A recent description in Economic Reference News highlights a pilot for vegetable producers initiated in Zhangjiagang, a prefecture in northern Jiangsu Province. The price index insurance product is offered by Peoples Insurance Company of China (PICC) with 90 percent of the premiums paid by prefecture and township governments. A basis price is set--apparently the commodity's wholesale price during the same period in the previous year. If the current period's price falls below the basis price, the producers receive a compensation payment from the insurance company based on the price shortfall.
The Zhangjiagang pilot is for leafy cabbage-type vegetables grown in the summer when they are in short supply. The basis price is set using average price data provided by local price bureau surveys every 10 days. Last year the insurance company paid out 80,000 yuan to insured producers.
The insurance covers key "production bases"--groups of producers in a contiguous area such as a village or a township. The insurance contract is signed by prefecture officials with the local branch of the insurance company. Then township officials order village officials to go door-to-door collecting premiums and signing up all the vegetable producers in their village. The number of production bases covered will be expanded this year to all bases of at least 50 mu (8.2 acres) and large-scale individual- or company-operated farms producing leafy vegetables. It will also be expanded to include lettuce and spinach.
In 2011, the Shanghai agricultural commission and Anxin Insurance Co. began offering nationwide vegetable price insurance. The experiments with price insurance were endorsed by this year's "Number 1 Document." Beijing began a pilot price index insurance product for 143 large-scale hog producers in Shunyi District in May 2013. This one was offered by Anhua Insurance Co. Beijing's Daxing district launched cabbage price
insurance and Huairou district has chestnut price insurance.
The price insurance is said to be modeled on similar insurance products offered in developed countries. It's considered an exploration of less market-distorting policies. Vegetables and hogs are commodities that have had especially prominent problems with gyrations in price.

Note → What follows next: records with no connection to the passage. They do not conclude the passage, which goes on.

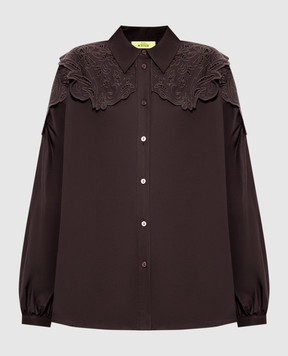 Twinset Brown shirt with broderie embroidery 262AQ2060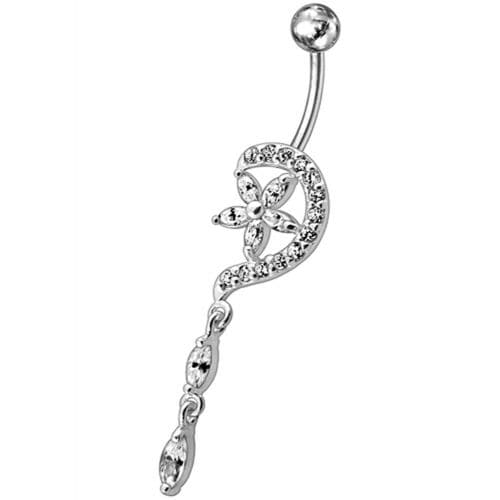 Fancy Jeweled Flower Long Tail Silver Dangling Belly Ring - Monster Piercing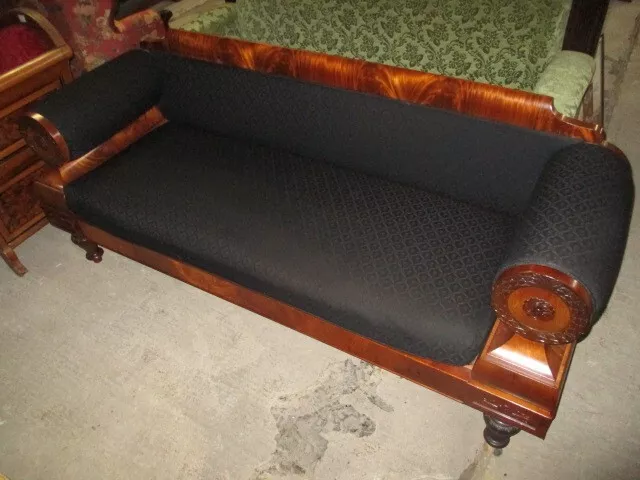 Edles sehr großes antikes Sofa um 1900 Mahagoni schwarz bezogen 200 cm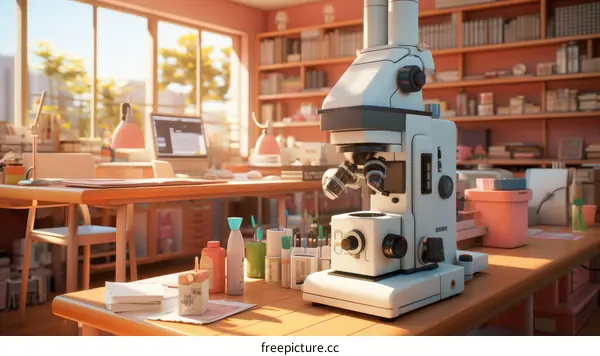 A microscope in a laboratory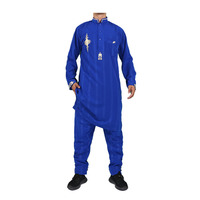 Jalabiya Islámica para Hombre, Transpirable, de Manga Larga, con Pantalones, Estilo Africano, Thobe para Rezar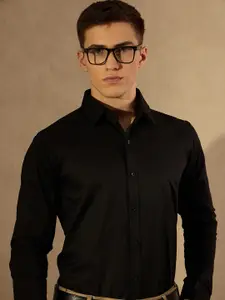 DENNISON Men Black Pure Cotton Smart Formal Shirt
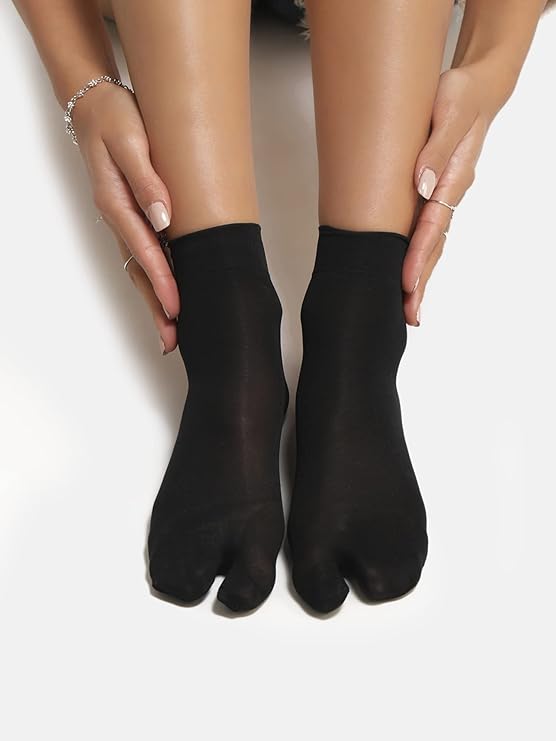 TENDSY Women's Semi-Sheer Ankle Thumb Socks, Transparent Toe Stockings for Heels and Flats, 3 Pairs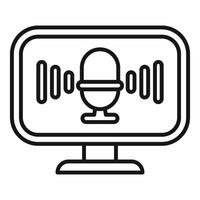 Computer desktop displaying microphone recording audio waves icon vector
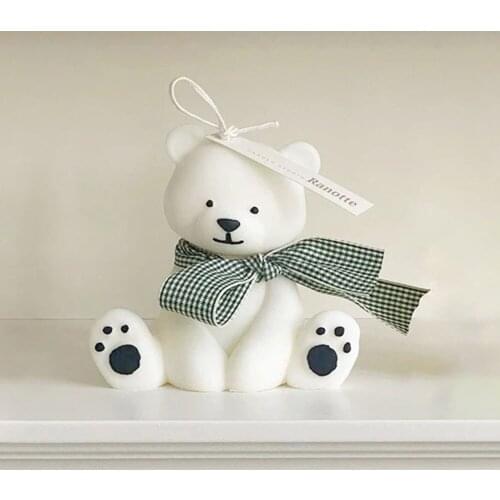 Candle Silicone Mold Cute Bear Shape Decorative Candle Making Animals Shape Silicone Molds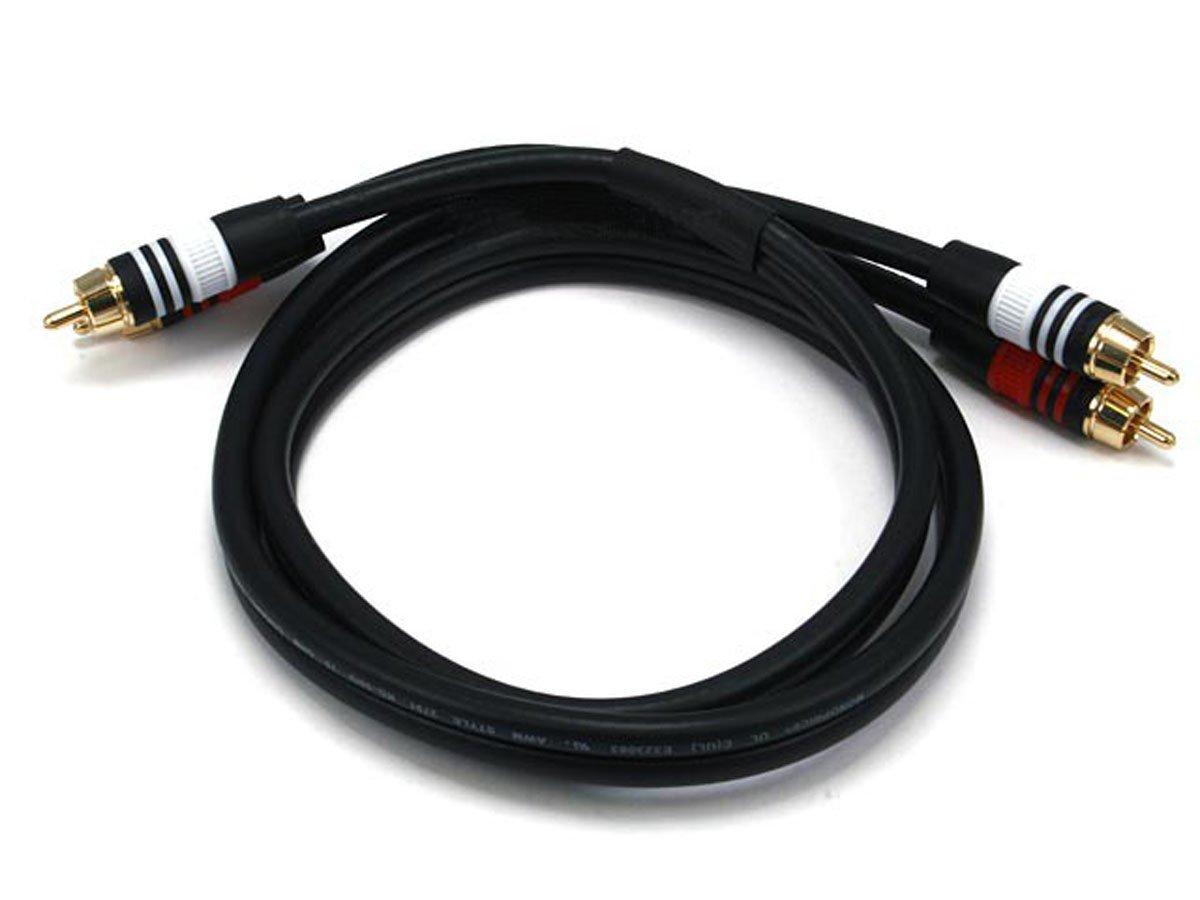 image:imageMonoprice 15ft Premium 2 RCA Plug2 RCA Plug MM 22AWG Cable BlackBlack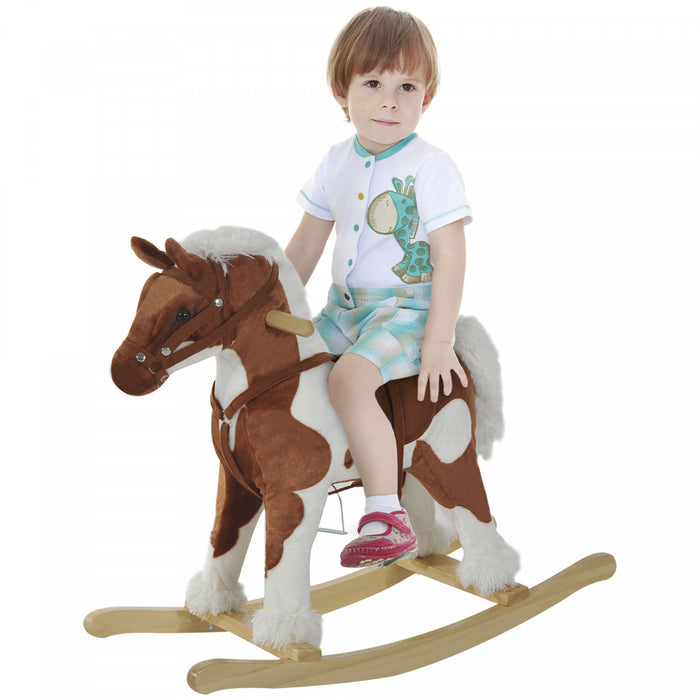 Qaba Kids Rocking Horse Ride On Toy For Toddler 3 Year Old With Nursery Rhyme Music And Light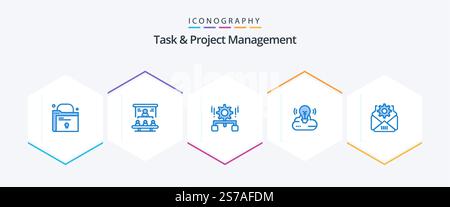 Task And Project Management 25 Blue icon pack including mail. cloud creative. configuration. campaign. share Stock Vector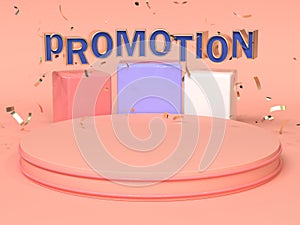 Pink red blue abstract geometric shape scene 3d rendering advertising promotion text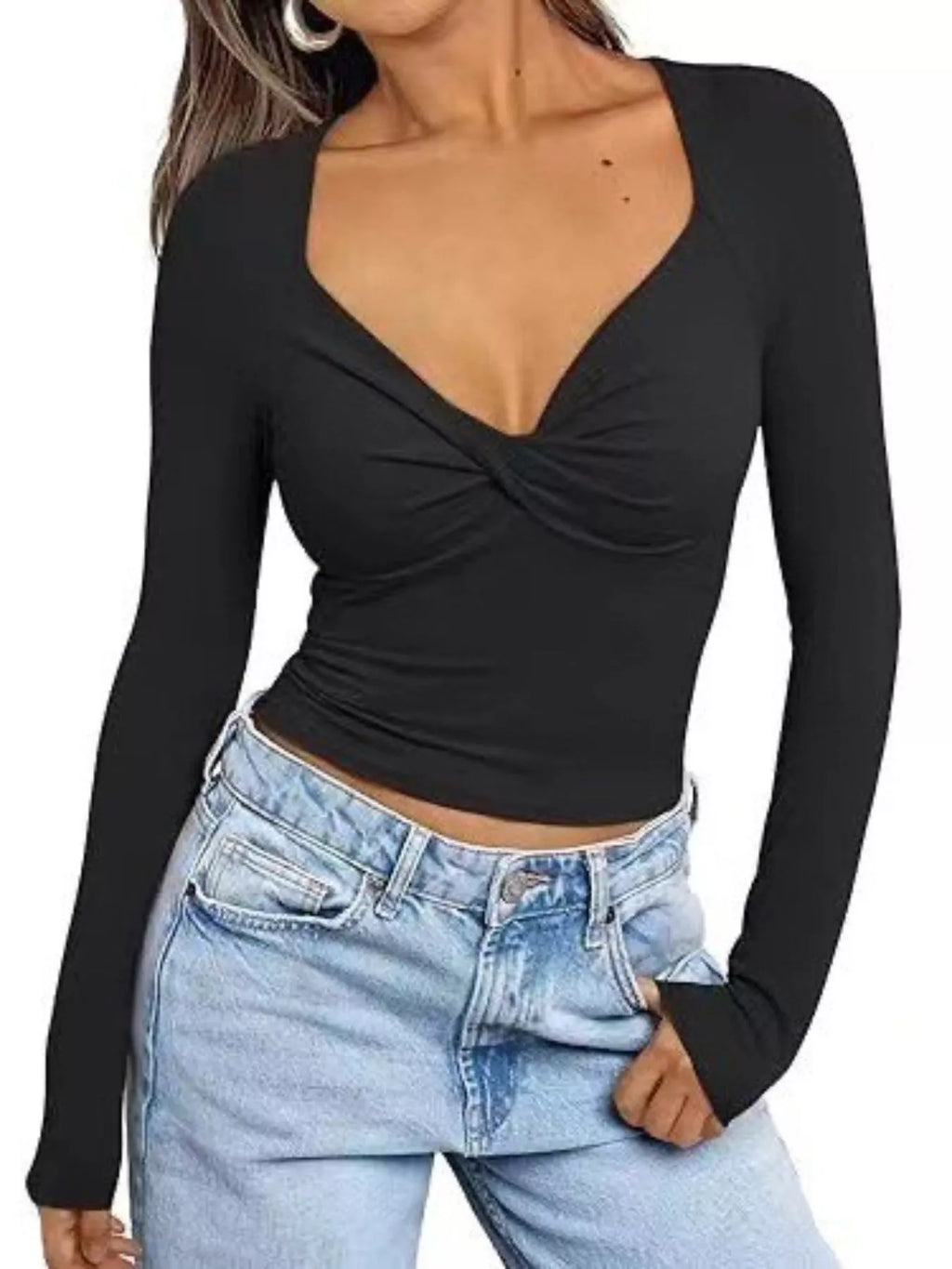 Twist Front Long Sleeve Fitted T-Shirt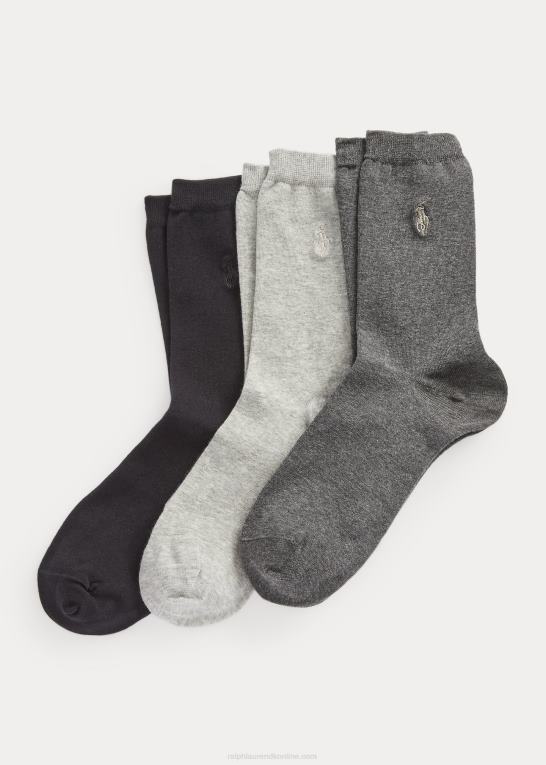 trækul Kvinder Ralph Lauren besætningssok 3-pak Z426B5520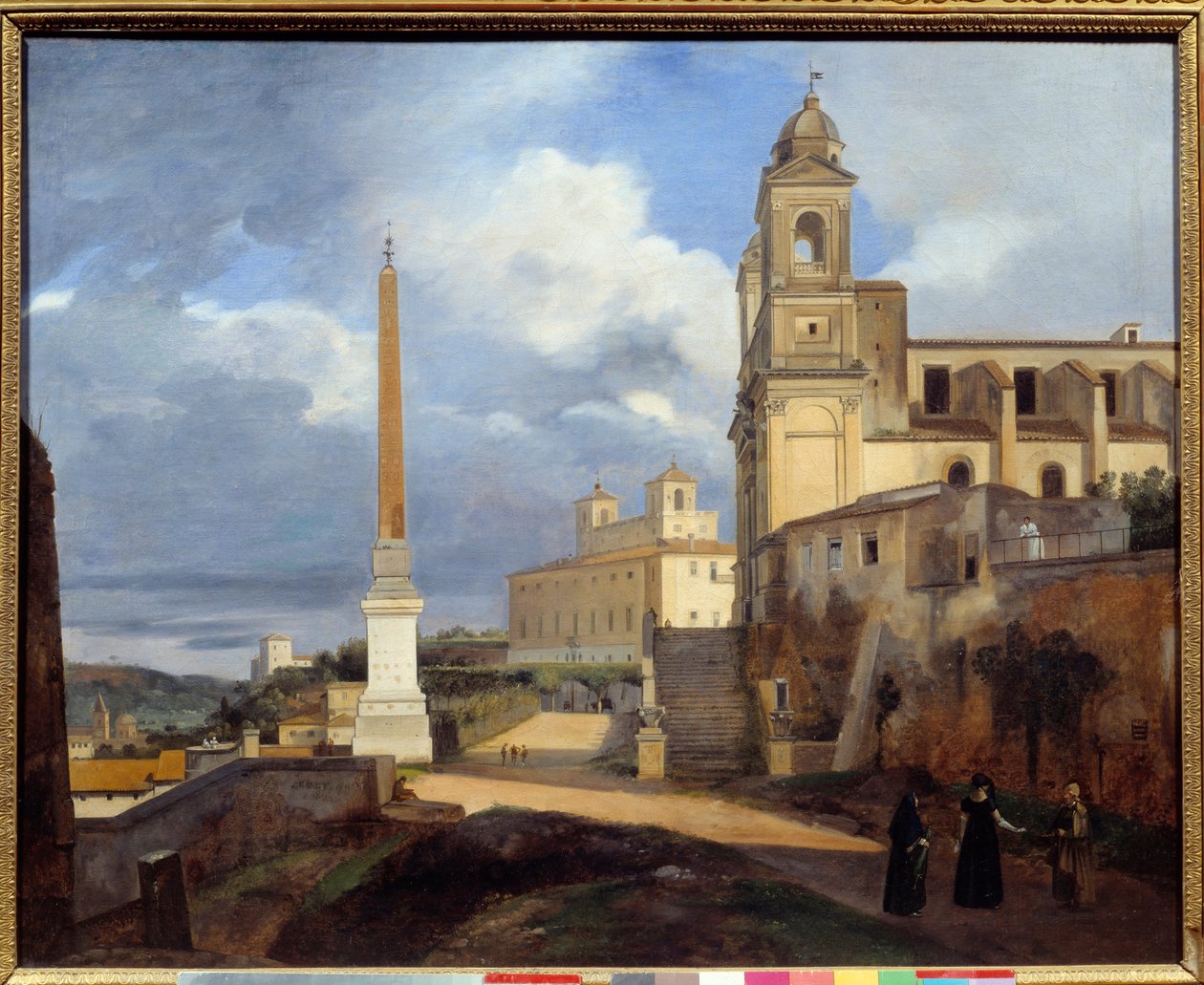 Utsikt over Trinite des Monts (Trinita dei monti) og Villa Medicis i Roma Maleri av Francois Marius Granet (1775-1849) 1808 Søn. 0,48 x 0,61 m av Francois Marius Granet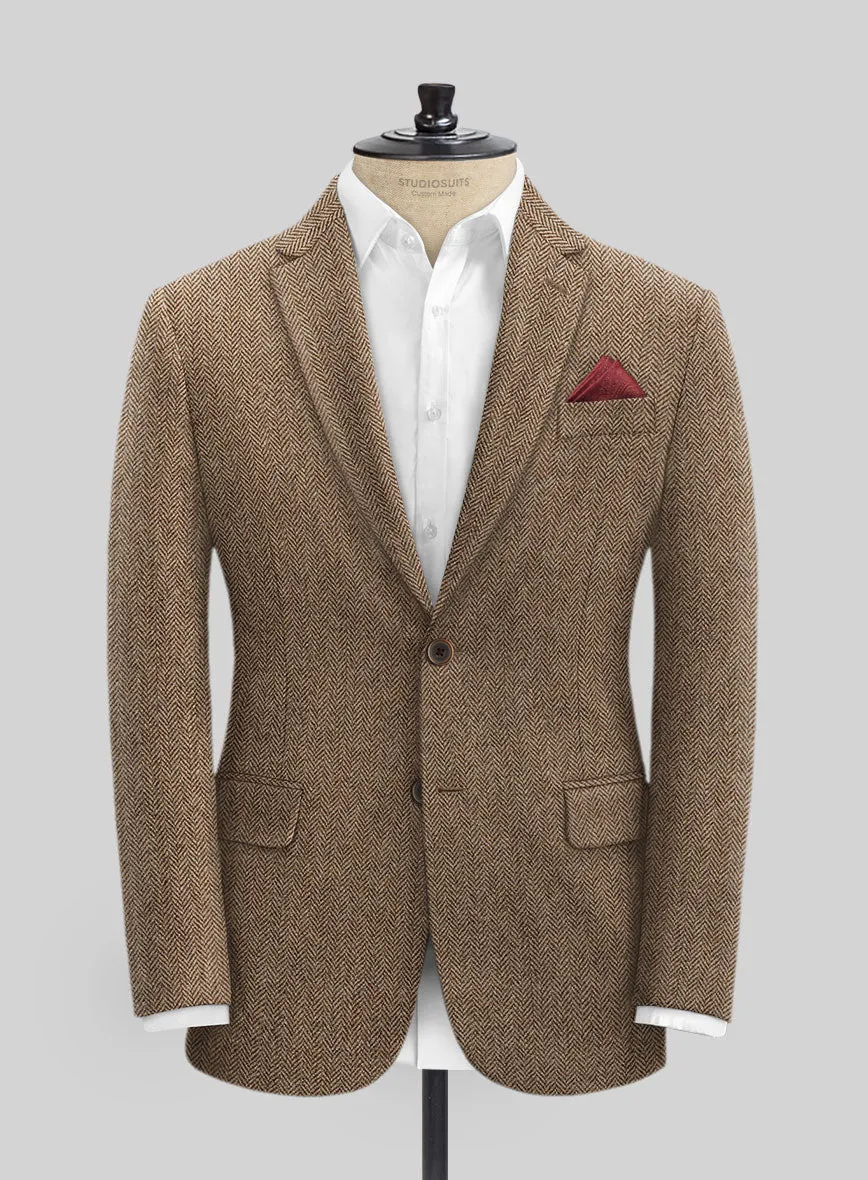 Irish Brown Herringbone Tweed Jacket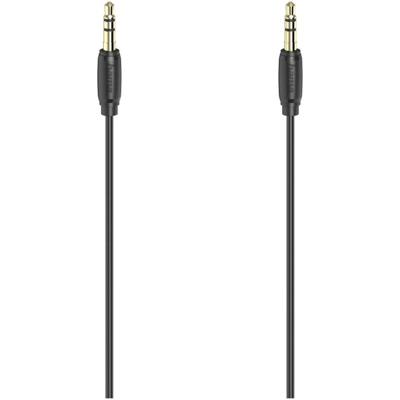 Hama Audiokabel, 3,5mm jack - 3,5mm jack, stereo, verguld, ultradun, 1,5 m Mini jack kabel Zwart Hama Audiokabel, 3,5mm jack - 3,5mm jack, stereo, verguld, ultradun, 1,5 m Mini jack kabel Zwart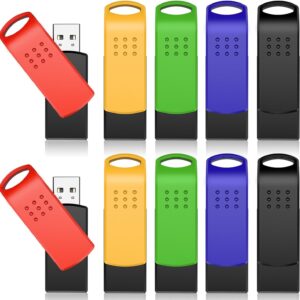 KEXIN 10 Pack 16GB USB 2.0 Flash Drive U Shape Rotatable
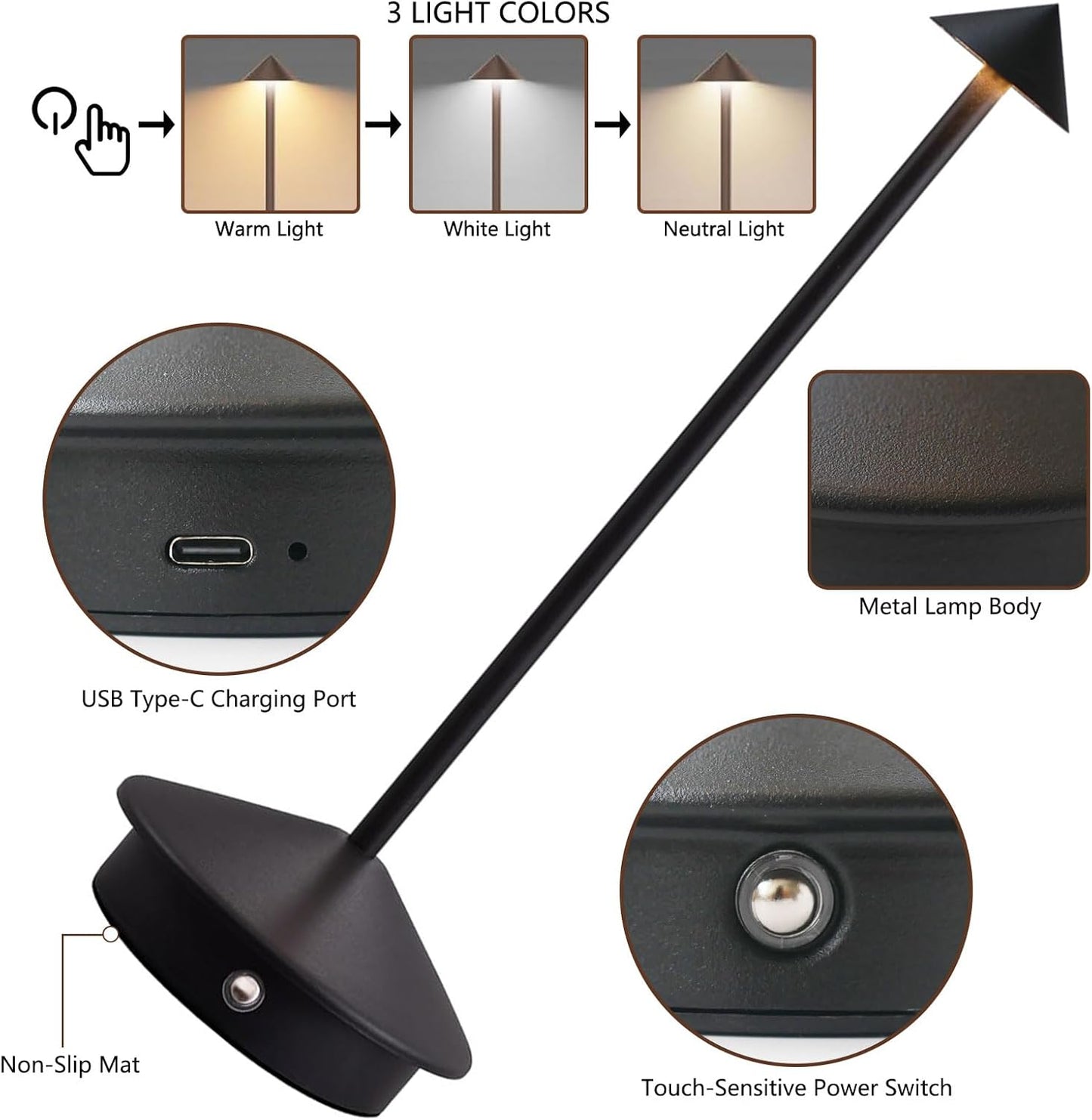 2 Pack Cordless LED Table Lamp, Rechargeable 5200mAH Battery Operated Lamp for Decor, 3 Color Stepless Dimming Desk Lamps, for Restaurant, Bedroom, Outdoor Camping, Coffee Shop, Night Light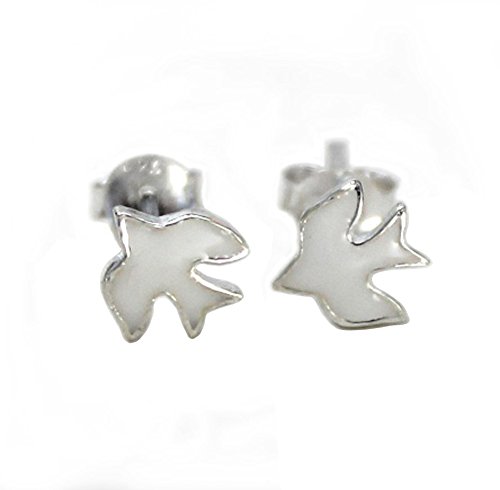Sterling Silver Enameled Swallow Bird Stud Post Earrings, White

The price insurance scheme is a slightly more sophisticated version of the "temporary reserve" stockpiling policy that has tried to assure farmers that the price will not fall below a threshold set by the government. It also bears resemblance to the "target price" subsidy scheme that is just being tried out for the first time this year. In the insurance scheme, the government finances nearly all the payouts by subsidizing 90% of the premiums, but it engages an insurance company to conduct the program.
Some experts worry that the insurance product fails to spread risk. All producers experience the same fluctuations in price, so there is risk of large payouts. Risk multiplies as the insurance is spread to more commodities and regions since the price fluctuations of various commodities in all regions to tend to occur in sync with one another. The insurer faces the risk that all prices could be low and demand payouts simultaneously. Moreover, price fluctuations for vegetables and hogs tend to be greater than production quantity risks. Thus, the price insurance faces greater risk of large payouts than traditional production insurance.